Consider the schematic below, showing light going from the pulsar all the way to the telescope. 

We've already talked about pulsar spin parameters, pulsar binary parameters, and astrometric parameters. Noise analysis is what lets us (more fully) understand the effects of the interstellar medium, the solar wind, and other things that aren't modeled in our timing model. 

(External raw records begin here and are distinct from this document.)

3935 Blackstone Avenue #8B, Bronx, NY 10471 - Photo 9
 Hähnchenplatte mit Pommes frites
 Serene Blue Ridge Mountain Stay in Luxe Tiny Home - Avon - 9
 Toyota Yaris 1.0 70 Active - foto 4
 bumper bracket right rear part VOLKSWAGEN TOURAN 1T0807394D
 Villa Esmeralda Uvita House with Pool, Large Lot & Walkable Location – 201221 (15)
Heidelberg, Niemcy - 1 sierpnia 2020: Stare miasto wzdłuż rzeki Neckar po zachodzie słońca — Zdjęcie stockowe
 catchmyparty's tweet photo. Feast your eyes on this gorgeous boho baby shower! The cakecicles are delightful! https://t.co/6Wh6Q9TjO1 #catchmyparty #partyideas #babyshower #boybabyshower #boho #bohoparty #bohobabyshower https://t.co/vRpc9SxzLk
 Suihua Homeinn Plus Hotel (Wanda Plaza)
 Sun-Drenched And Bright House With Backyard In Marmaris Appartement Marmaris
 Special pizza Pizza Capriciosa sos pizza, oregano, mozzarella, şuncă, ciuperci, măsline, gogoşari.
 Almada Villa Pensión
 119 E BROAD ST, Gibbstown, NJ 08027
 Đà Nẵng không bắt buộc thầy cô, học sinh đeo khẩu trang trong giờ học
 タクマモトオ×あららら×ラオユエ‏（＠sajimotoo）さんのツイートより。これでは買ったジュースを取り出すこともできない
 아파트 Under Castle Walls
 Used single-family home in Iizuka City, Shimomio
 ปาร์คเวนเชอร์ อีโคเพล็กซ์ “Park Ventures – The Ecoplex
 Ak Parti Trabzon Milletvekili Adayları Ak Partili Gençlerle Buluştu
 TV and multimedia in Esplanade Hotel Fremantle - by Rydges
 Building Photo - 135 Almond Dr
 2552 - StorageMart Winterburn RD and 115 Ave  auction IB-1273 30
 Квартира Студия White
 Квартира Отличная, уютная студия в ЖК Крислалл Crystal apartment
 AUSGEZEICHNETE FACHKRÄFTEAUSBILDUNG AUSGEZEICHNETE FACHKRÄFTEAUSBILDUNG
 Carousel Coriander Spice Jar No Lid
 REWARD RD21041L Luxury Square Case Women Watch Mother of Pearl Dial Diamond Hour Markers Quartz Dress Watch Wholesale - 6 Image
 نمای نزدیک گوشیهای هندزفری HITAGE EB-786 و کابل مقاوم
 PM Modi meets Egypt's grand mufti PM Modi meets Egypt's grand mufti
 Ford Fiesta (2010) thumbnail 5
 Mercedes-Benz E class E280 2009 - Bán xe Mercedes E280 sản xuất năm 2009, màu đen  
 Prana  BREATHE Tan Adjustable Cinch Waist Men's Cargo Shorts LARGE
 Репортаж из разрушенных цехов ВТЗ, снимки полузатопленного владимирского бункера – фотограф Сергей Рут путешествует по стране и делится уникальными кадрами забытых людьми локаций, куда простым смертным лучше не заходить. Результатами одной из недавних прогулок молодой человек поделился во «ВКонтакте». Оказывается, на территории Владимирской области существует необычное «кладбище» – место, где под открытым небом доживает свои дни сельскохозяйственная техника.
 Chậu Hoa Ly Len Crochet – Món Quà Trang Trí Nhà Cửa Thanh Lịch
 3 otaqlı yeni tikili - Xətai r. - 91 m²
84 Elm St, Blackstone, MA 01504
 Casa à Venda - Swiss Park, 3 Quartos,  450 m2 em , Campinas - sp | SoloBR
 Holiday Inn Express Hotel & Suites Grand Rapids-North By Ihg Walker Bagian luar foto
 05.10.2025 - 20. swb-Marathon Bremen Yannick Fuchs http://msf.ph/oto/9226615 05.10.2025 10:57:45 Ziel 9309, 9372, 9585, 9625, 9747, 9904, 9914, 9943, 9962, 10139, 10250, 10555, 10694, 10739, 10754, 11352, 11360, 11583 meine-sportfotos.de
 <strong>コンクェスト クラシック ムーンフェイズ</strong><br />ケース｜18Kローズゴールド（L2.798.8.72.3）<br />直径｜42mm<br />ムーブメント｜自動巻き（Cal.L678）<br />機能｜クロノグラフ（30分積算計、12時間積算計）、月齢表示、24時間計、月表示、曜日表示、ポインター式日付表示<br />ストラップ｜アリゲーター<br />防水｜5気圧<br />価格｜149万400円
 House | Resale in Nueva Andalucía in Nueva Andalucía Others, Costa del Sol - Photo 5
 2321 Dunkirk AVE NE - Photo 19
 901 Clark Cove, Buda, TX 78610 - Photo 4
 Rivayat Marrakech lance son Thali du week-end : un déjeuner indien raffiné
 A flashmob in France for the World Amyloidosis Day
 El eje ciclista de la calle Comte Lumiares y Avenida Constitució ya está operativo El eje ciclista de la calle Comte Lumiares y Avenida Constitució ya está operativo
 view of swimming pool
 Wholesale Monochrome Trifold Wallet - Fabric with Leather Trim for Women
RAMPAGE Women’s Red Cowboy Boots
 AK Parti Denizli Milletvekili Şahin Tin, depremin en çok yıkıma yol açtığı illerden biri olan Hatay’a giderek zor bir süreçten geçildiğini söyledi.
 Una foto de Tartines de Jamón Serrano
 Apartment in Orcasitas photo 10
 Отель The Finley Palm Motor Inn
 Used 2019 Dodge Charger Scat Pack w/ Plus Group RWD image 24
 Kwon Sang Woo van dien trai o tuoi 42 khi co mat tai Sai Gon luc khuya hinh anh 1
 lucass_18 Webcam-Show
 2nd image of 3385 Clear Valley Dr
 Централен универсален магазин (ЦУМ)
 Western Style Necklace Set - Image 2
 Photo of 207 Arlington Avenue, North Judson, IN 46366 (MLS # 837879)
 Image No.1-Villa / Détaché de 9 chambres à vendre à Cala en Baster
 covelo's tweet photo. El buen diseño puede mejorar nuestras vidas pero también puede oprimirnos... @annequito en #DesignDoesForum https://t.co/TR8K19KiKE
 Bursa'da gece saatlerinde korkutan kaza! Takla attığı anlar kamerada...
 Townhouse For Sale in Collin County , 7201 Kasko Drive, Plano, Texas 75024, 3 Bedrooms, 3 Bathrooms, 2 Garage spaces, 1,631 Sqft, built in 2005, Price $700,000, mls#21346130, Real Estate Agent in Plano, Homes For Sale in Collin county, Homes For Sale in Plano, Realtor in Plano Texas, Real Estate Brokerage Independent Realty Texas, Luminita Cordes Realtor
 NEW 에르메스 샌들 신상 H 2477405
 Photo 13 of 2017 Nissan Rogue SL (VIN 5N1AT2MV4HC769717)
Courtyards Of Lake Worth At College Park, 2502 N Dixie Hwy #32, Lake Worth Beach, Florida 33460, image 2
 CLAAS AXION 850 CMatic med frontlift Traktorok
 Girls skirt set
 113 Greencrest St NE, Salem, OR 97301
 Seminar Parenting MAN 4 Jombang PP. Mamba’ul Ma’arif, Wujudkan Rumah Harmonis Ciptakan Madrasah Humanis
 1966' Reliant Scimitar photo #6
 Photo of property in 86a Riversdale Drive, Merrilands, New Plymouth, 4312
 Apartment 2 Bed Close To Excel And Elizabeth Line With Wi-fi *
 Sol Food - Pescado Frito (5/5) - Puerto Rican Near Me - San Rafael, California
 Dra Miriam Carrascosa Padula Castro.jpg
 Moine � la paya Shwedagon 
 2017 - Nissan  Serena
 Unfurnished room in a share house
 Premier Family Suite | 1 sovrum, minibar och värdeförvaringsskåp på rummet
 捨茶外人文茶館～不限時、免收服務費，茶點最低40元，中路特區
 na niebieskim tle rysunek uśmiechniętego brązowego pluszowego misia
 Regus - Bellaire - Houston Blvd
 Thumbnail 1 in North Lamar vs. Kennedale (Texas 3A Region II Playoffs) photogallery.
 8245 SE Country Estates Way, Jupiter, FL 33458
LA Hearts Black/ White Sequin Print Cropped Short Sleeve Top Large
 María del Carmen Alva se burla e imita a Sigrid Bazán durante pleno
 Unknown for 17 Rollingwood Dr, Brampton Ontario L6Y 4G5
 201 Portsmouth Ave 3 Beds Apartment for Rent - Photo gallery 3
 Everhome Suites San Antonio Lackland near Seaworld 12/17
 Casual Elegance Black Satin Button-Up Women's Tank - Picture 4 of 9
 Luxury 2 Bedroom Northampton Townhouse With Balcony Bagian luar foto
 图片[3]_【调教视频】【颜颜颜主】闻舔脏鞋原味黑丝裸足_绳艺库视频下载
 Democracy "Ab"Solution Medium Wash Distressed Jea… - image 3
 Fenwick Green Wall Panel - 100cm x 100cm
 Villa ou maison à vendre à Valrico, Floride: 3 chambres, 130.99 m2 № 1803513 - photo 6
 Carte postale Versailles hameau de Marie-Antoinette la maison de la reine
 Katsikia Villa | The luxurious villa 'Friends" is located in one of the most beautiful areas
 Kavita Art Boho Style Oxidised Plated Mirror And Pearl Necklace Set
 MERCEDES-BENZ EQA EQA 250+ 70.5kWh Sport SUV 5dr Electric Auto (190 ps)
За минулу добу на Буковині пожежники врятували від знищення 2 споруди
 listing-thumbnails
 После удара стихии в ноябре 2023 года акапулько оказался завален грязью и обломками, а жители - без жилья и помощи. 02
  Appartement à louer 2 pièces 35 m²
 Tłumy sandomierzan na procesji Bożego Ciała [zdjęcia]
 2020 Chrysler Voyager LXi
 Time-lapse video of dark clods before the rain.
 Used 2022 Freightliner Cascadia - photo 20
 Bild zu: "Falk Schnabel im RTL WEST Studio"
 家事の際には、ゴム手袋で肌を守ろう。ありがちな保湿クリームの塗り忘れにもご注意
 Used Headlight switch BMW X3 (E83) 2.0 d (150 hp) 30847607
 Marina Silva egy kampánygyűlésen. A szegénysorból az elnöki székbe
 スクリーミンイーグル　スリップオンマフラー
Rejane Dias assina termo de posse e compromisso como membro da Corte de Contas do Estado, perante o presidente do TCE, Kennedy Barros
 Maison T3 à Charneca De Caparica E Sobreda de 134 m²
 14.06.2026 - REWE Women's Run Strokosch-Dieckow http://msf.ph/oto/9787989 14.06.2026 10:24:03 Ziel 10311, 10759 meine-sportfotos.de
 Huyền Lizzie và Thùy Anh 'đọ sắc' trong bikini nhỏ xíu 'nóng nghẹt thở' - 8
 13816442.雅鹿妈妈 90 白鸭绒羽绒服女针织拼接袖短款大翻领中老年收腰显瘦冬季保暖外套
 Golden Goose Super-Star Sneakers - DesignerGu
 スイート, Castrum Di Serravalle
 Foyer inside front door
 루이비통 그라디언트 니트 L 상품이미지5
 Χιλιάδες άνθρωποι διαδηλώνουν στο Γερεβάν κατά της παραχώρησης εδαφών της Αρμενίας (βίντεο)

If that description sounds vague, it's because it is vague! Noise analysis can help us learn about intrinsic noise in the pulsar such as spin noise, about effects in our telescope, and about the insterstellar medium. With the partial exception of dispersion measure (see below), we don't have a clear analytic model for these processes. Instead, we'll use MCMC methods to find best fit parameters for both white (time uncorrelated) and red (time correlated) noise present in our PTA datasets.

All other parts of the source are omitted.